Ordering Principal Components of Multivariate Fractional Brownian Motion for Solving Inverse Problems
Talk by Marisa Mohr at Asia-Pacific Signal and Information Processing Association (APSIPA) 2021

The problem of recovering information about a generating time-dependent dynamical system from measurement data is investigated as an inverse problem. Fractional Brownian motion is often used for modelling real-world applications that deal with specific properties such as long-range dependence or self-similarity. The self-similarity parameter, also known as Hurst parameter H, is directly related to the distribution of ordinal patterns in fractional Brownian motion. Thus the corresponding information entropy measure, known as permutation entropy, can extract significant information about the generating system.

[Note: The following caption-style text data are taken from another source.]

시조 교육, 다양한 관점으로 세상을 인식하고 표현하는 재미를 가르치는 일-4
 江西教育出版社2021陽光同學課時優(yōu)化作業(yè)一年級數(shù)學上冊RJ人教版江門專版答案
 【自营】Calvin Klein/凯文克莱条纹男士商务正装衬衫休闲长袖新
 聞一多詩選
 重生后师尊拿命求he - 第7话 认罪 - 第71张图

As real-world applications often involve multivariate correlated measurements, multivariate variants of permutation entropy have to be considered. While pooled permutation entropy is able to estimate H, it fails to detect cross-correlations between variables. In this work, we use multivariate permutation entropy based on principal component analysis (MPE-PCA) to investigate self-similarity and cross-correlations.

We examine the variation of permutation entropy of  principal components with variations of H and cross-correlations and find those principal components behave equally to their origin under certain conditions, i.e., as H increases, the MPE-PCA of the principal components decreases. Furthermore, MPE-PCA discovers cross-correlations in multivariate fractional Brownian motion.